1992 film by Bob Rafelson

Man Trouble is a 1992 American romantic black comedy film starring Jack Nicholson and Ellen Barkin. It was directed by Bob Rafelson and written by Carole Eastman, who together had been responsible for 1970's Five Easy Pieces.

The film is the fifth collaboration between Nicholson and Rafelson. Beverly D'Angelo and Harry Dean Stanton co-star.

==Plot==
Harry Bliss runs a guard dog service and is going through counseling with his wife Adele. A serial killer is on the loose in Los Angeles, so when the apartment of classical singer Joan Spruance is ransacked and she starts receiving threatening phone messages, Joan moves into the Hollywood Hills home of her sister Andy Ellerman. Joan does not feel safe at Andy's home because she is harassed by Andy's ex-lovers. She hires a guard dog from Harry's company and Harry is soon providing more than protection for the beautiful singer.

Harry is a natural-born liar who, because of his profession, feels that he lives by a code of honor – even if he cannot quite explain it – as one thing after another spins out of his control. Joan is soft and vulnerable as she is badgered by her conductor husband Lewie Duart, harassed by unknown callers, menaced by men from Andy's past and "helped" by Harry.

==Reception==
===Critical response===
Man Trouble was not well received by the majority of critics. It holds a 7% rating on Rotten Tomatoes based on 30 reviews. The consensus summarizes: "Man Trouble has brilliant stars and the germ of an interesting idea in its favor, which makes the scattered, unfunny results even more of a disappointment." Audiences surveyed by CinemaScore gave the film a grade of "C" on scale of A+ to F.

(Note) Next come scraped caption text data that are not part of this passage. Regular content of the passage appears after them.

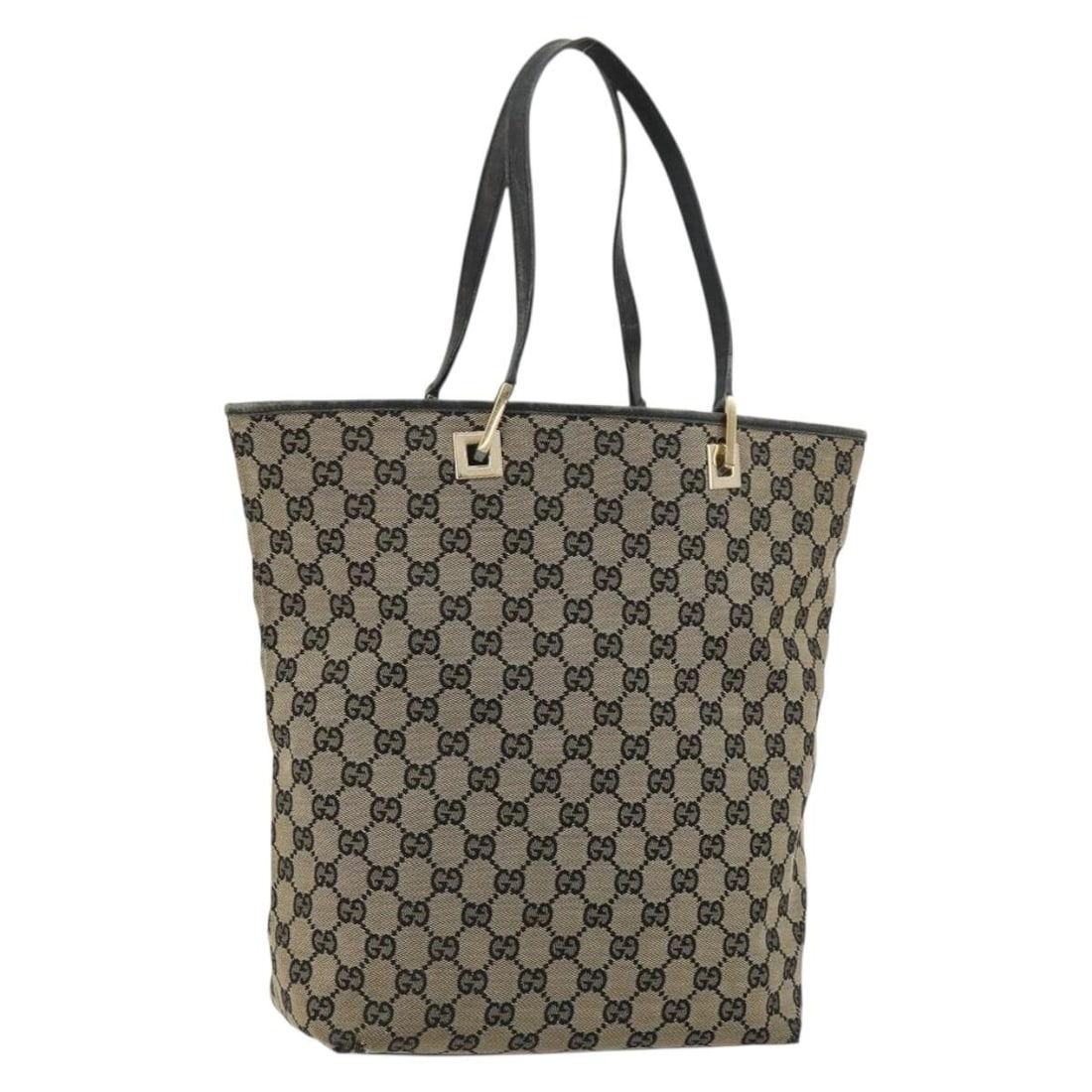 Gucci GG Canvas Navy Gold Tote Bag Italy 002 1098: Gucci GG Canvas Navy Gold Tote Bag Italy 002 1098 This GUCCI GG Canvas Tote Bag features a navy and gold color scheme and is crafted from the brand's signature GG canvas material. Designed for women, 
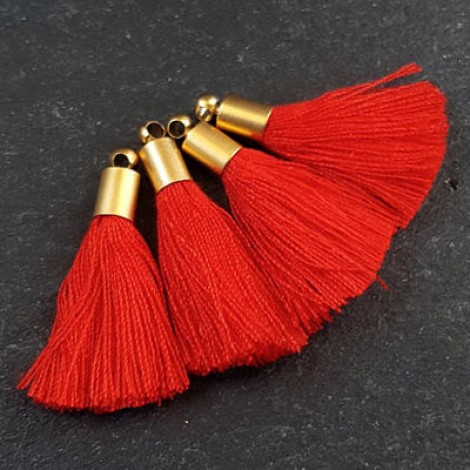 26mm Mini Red Soft Thread Tassels w-Matte 22K Gold Plated Cap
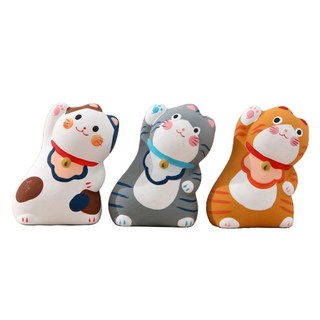 摩達客 祈願招福 體操伸展招財貓迷你陶瓷開運擺飾三件組, 可愛療癒居家擺設, 5 x 5 x 6cm, 白色 + 灰色 + 棕色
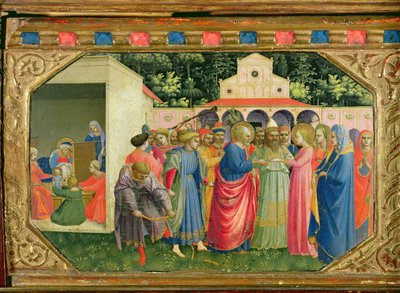 Die Geburt und Heirat der Jungfrau, aus der Predella des Verkündigungsaltars, ca. 1430-32 (Tempera und Gold auf Holz) von Fra Angelico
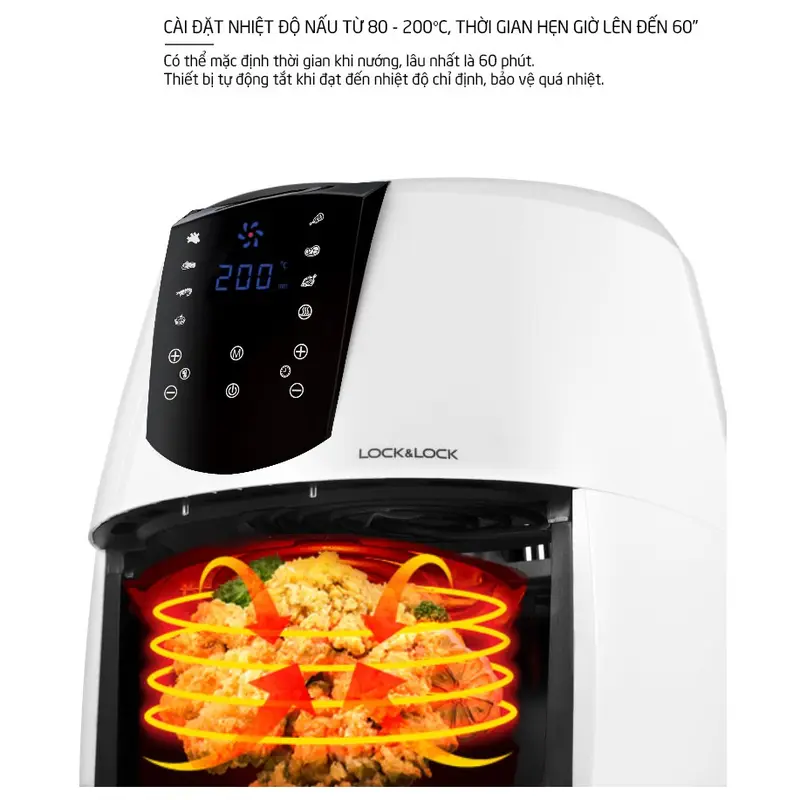 Nồi chiên không dầu LocknLock Chính hãng 5.2 Lít 1800W - Tặng chảo nướng 1,7L, Găng tay EJF357 - HAPOS MALL OFFICIAL 4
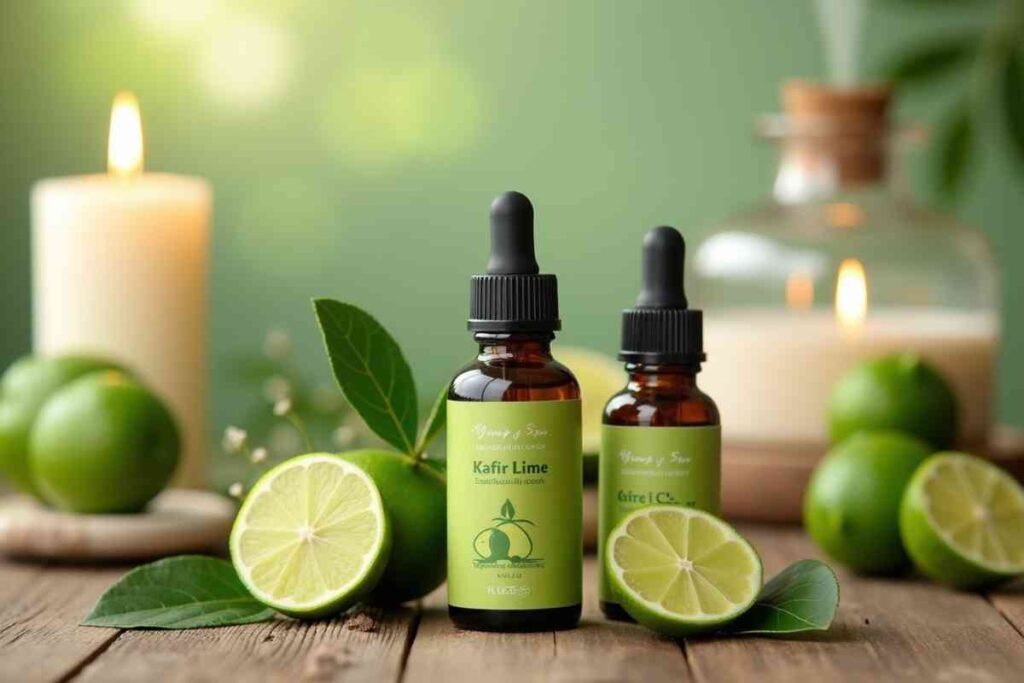 Essential oil bottles made from kaffir lime, surrounded by fruits, leaves, and spa accessories for natural skincare and aromatherapy.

The New York Times review said "Not much about Man Trouble, a sad mess of a romantic comedy directed by Bob Rafelson, written by Carole Eastman and starring Jack Nicholson, suggests that these three collaborated on one of the most haunting and representative films of another day." Varietys review said that "Jack Nicholson fans should feel cheated by Man Trouble, an insultingly trivial star vehicle. After some initial business attracted by his name on the marquee, film is fated for pay-cable use."

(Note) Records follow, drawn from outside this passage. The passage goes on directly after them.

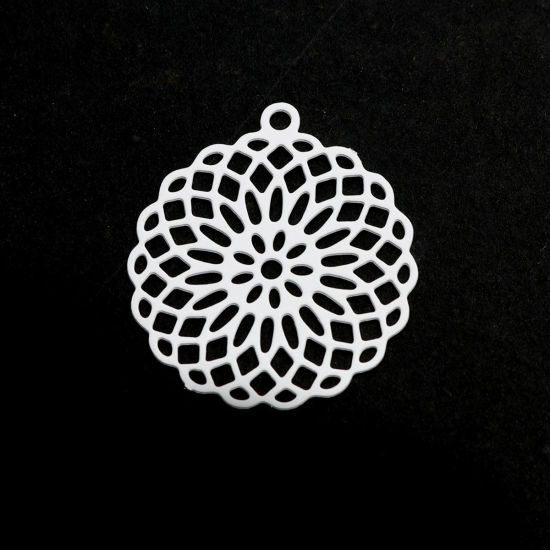 Picture of Brass Pendants White Flower Of Life Filigree Stamping 3cm x 2.7cm, 10 PCs                                                                                                                                                                                     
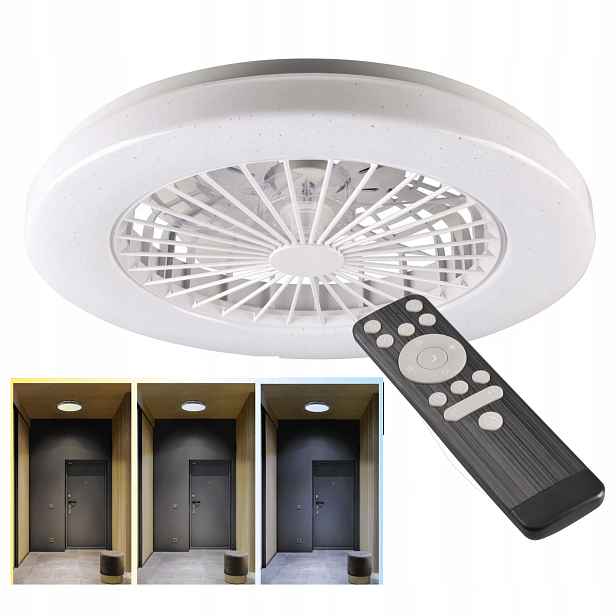 Ventilátor, stropní ventilátor, Led lampa 63W Cct, paměť barev dálkový ovladač 50 cm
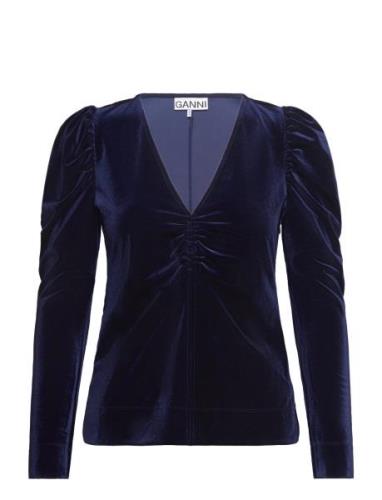 Velvet Jersey Tops Blouses Long-sleeved Blue Ganni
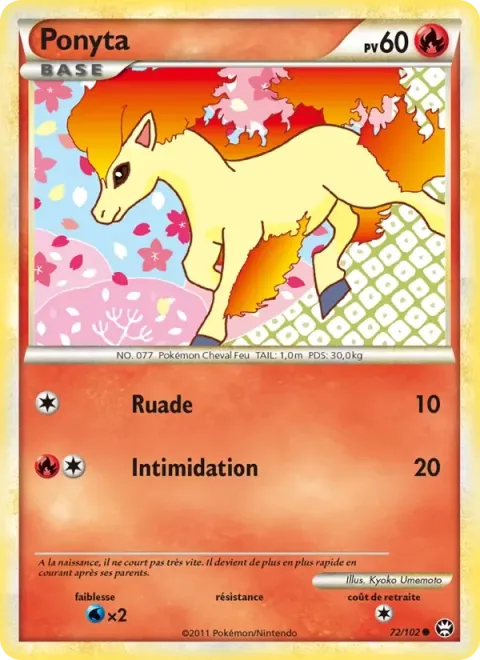 Carte Pokémon Ponyta 072/102, extension Triomphant
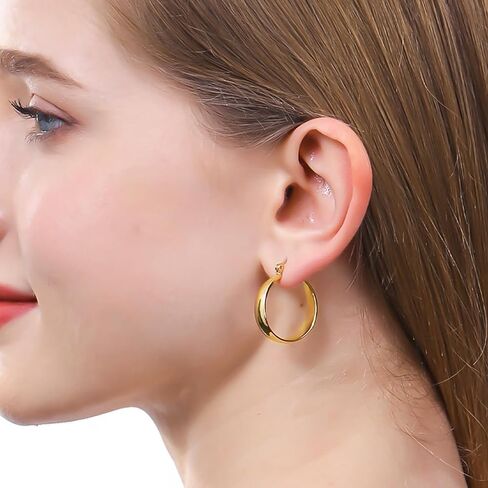 ToHeart 14k Gold Hoop Earrings for Womens Rectangle Hoop Earrings Gold Plated Small Hoops in Saudi Arabia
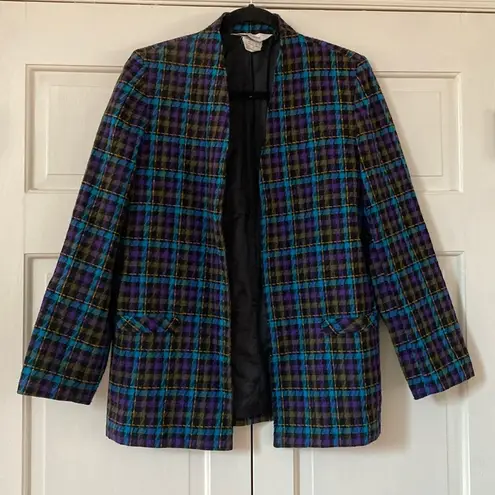 Vintage TanJay 80s 90s Blazer Houndstooth Plaid Bright Colors Tan Jay 8 Women’s Black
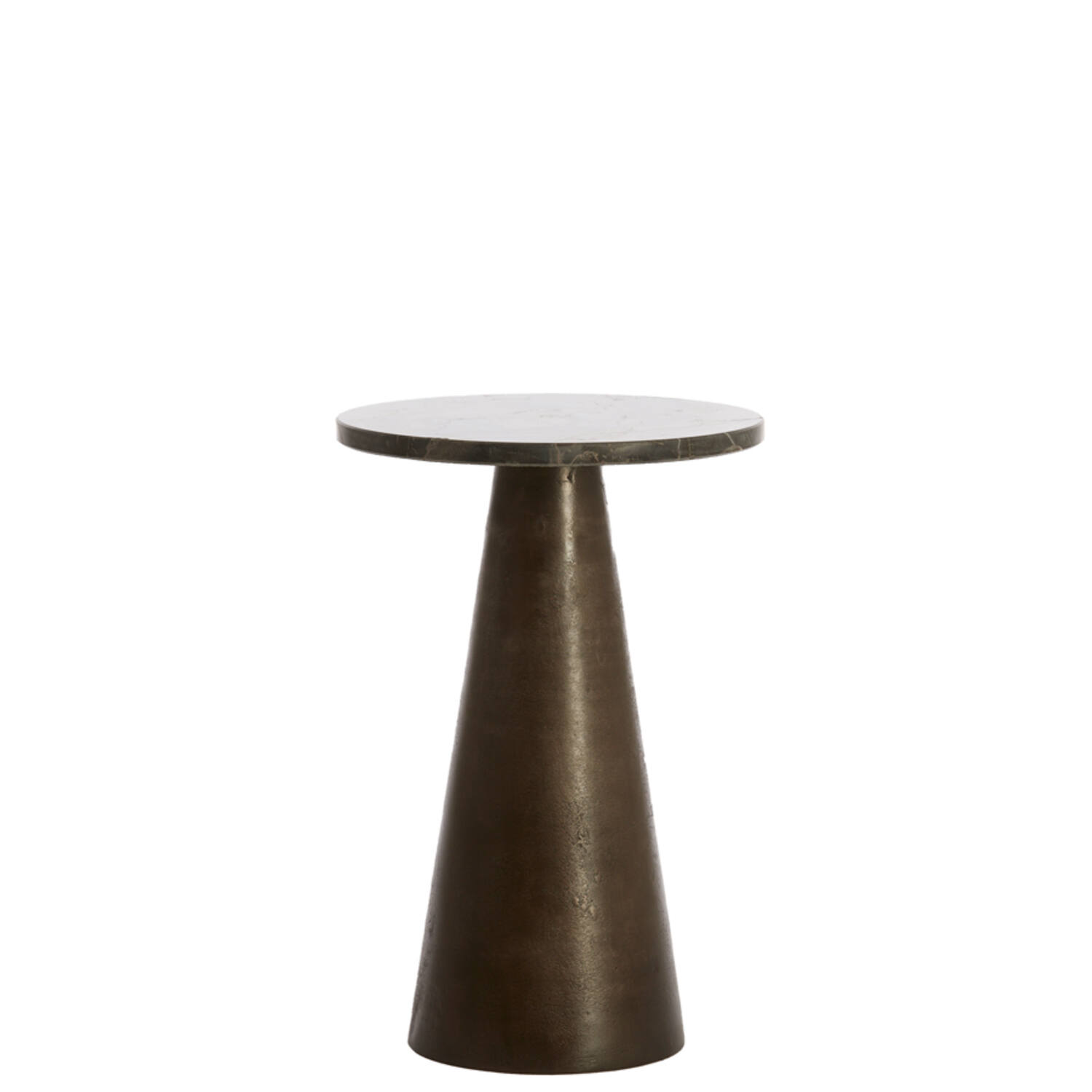 Light & Living Bijzettafel Ø29x43 cm YNEZ donker bruin marmer+donkr bruin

Reviewing the film for the Los Angeles Times, Michael Wilmington wrote, "It's certainly not the catastrophe that early press reports have suggested--the studio, rather absurdly, refused to screen Man Trouble for critics--but it is disappointing. Not because it's bad, but because we expect more from a Nicholson-Rafelson-Eastman collaboration. We expect savage wit, clear takes on society, pungent dialogue, rich characters." He added, "This cutesy tale has no urgency", but did praise Nicholson and Barkin's performances.

According to Time Out magazine: "The trouble is, the film never seems to know where it's headed. Not quite a romance, a thriller or a comedy, it's a movie with an on-going identity crisis. Barkin, playing against type, produces a shrill caricature of femininity, while Rafelson indulges Nicholson's familiar soft-spoken laxity, another of his personable rogues."

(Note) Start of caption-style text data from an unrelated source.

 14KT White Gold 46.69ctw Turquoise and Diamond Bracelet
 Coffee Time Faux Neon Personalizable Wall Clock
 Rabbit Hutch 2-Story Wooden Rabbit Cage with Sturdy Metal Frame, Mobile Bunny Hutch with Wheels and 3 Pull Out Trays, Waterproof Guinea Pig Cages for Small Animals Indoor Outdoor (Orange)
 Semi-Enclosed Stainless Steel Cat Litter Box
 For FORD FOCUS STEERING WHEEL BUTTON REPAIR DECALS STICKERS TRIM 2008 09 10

Jack Nicholson earned a nomination for the Golden Raspberry Award for Worst Actor for his performances in both this film and Hoffa, but lost the trophy to Sylvester Stallone for Stop! Or My Mom Will Shoot at the 13th Golden Raspberry Awards.

===Box office===
The film opened in 1,004 theatres and grossed $2,034,475 in its opening weekend. It grossed 67% less the following weekend and was pulled from theatres shortly thereafter with a gross of only $4 million.

With a budget of $30 million, including almost $8 million paid to Nicholson, the film made a loss for Pentamerica, their second consecutive box-office bomb after Folks!. Fox expected to recover their $8 million marketing expenses.